Exercise prompt:
Repeat exactly the line with "istock Downtown of" and each line after it to the end of the data below; pictures stay out.

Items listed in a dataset
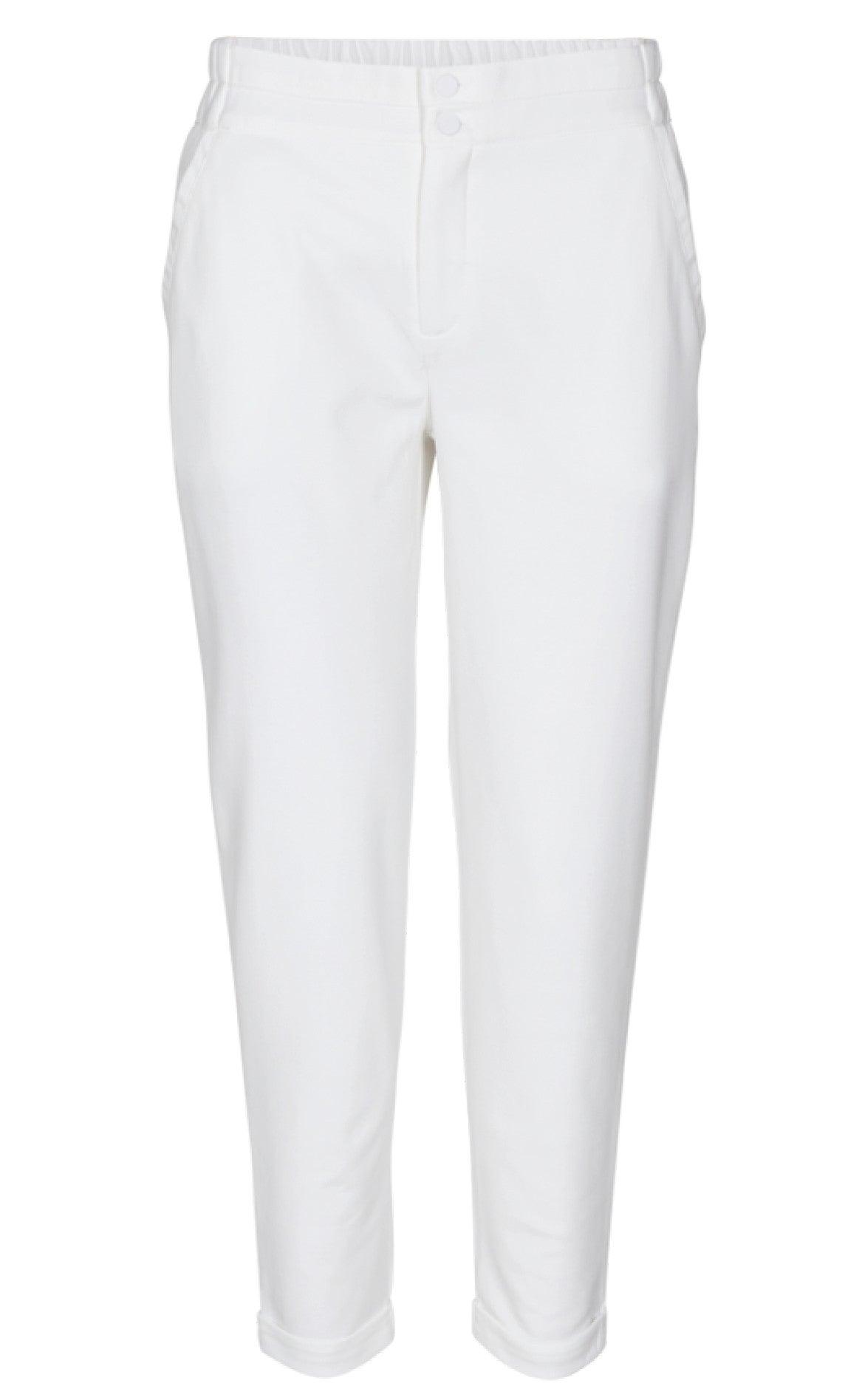 Freequent Bukser Nanni Ankle Brilliant White
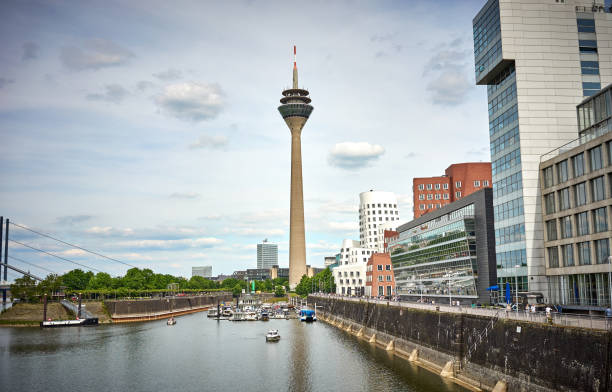 istock Downtown of Duesseldorf in Germany 698023074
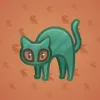 Scared Cat #90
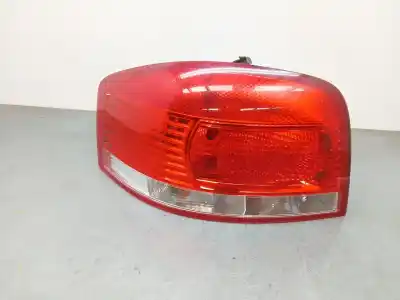 Second-hand car spare part left tailgate light for audi a3 (8p1) 1.6 oem iam references 8p0945095  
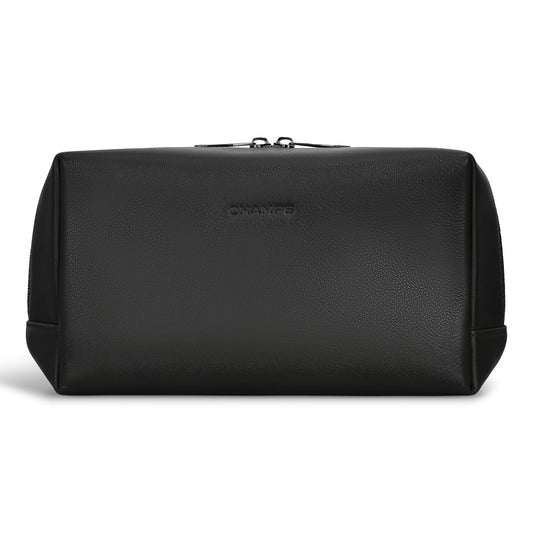 Champs Onyx - Leather Toiletry Bag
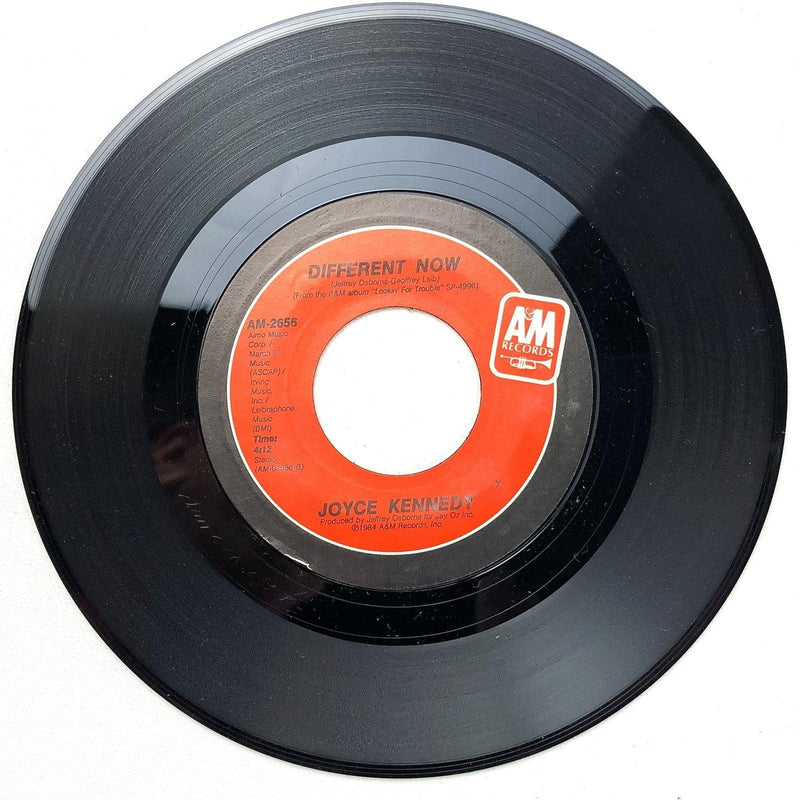 Joyce Kennedy 45 RPM 7" Record Different Now / The Last Time I Made Love AM-2656 2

Exercise result:
 istock Downtown of Duesseldorf in Germany 698023074
 Scared Cat #90
 Second-hand car spare part left tailgate light for audi a3 (8p1) 1.6 oem iam references 8p0945095  
 Champs Onyx - Leather Toiletry Bag
 Joyce Kennedy 45 RPM 7" Record Different Now / The Last Time I Made Love AM-2656 2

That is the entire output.